Abone olHabertürk Yazarı Muhsin Kızılkaya, "Mem ú Zin’i, limuzin sanan aydınlar!" başlıklı yazısında çözüm sürecinde yer alan HDP içindeki isimleri eleştirdi.
Habertürk Yazarı Muhsin Kızılkaya, Habertürk'teki bugünkü yazısında "Türk aydını" olarak nitelendirilen isimleri eleştirdi.

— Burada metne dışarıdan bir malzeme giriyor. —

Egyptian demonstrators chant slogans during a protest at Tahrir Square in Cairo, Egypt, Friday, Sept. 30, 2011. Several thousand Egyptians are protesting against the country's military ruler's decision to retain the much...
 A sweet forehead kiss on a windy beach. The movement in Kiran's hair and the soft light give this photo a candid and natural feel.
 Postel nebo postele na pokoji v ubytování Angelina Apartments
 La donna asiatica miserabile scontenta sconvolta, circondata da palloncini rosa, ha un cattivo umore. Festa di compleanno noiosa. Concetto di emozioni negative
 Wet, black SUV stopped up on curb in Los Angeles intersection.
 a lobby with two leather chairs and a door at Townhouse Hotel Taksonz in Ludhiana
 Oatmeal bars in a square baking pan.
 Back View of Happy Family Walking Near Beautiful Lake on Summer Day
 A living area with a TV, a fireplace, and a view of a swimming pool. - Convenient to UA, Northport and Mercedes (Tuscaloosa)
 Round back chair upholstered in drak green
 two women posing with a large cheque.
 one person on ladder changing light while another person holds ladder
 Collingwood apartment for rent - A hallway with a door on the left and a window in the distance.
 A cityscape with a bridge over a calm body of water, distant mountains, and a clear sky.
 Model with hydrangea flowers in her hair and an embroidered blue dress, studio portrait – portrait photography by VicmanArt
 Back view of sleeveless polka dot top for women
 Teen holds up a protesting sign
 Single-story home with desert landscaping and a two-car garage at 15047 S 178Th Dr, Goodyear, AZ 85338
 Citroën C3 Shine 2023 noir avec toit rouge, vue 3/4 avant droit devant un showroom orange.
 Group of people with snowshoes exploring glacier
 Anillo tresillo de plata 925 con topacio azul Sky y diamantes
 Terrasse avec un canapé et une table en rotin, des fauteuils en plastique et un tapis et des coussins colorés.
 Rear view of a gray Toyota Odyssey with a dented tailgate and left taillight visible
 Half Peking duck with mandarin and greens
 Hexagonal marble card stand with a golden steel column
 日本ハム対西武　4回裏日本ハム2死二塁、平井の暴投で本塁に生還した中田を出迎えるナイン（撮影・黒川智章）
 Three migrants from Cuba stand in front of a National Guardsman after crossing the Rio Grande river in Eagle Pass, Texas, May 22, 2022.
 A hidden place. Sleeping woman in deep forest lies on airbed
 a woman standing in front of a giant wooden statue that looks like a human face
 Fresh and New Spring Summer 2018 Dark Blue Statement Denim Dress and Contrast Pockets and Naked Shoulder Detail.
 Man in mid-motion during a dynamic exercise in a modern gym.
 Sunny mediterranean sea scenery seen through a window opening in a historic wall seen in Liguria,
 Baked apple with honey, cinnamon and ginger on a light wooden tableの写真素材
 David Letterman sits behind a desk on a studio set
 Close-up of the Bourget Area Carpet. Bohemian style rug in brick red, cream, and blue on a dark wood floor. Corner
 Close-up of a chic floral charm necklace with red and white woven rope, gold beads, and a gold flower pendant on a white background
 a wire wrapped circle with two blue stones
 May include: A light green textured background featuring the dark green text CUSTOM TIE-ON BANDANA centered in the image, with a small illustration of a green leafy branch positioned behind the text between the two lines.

Son çözüm sürecinde HDP'ye belirli bir rol verildiğini belirten Kızılkaya, hükümetin, HDP içindeki 'maceracı Türk solcuları'nın başat rolü oynamasına ses çıkarmadığını belirtti. Kızılkaya, yazısının devamında şunları belirtti:
"Neden böyle oldu bilmiyorum. Ama bu süreçte, mesela hiçbir hükümet yetkilisinin aklına, “Biz Kürt sorununu neden kerameti kendinden menkul, bu meseleyle hiç alakası olmayan bu şahsiyetlerle konuşuyoruz ki?” sorusu gelmedi. Yani hiç kimse, “Leyla Zana, Ahmet Türk, Sırrı Sakık, Osman Baydemir, Hatip Dicle gibileri dururken, biz neden gidip bu meseleyi, Can Yücel’in deyimiyle ‘Mem ú Zin’i limuzin sananlarla konuşuyoruz ki?” demedi."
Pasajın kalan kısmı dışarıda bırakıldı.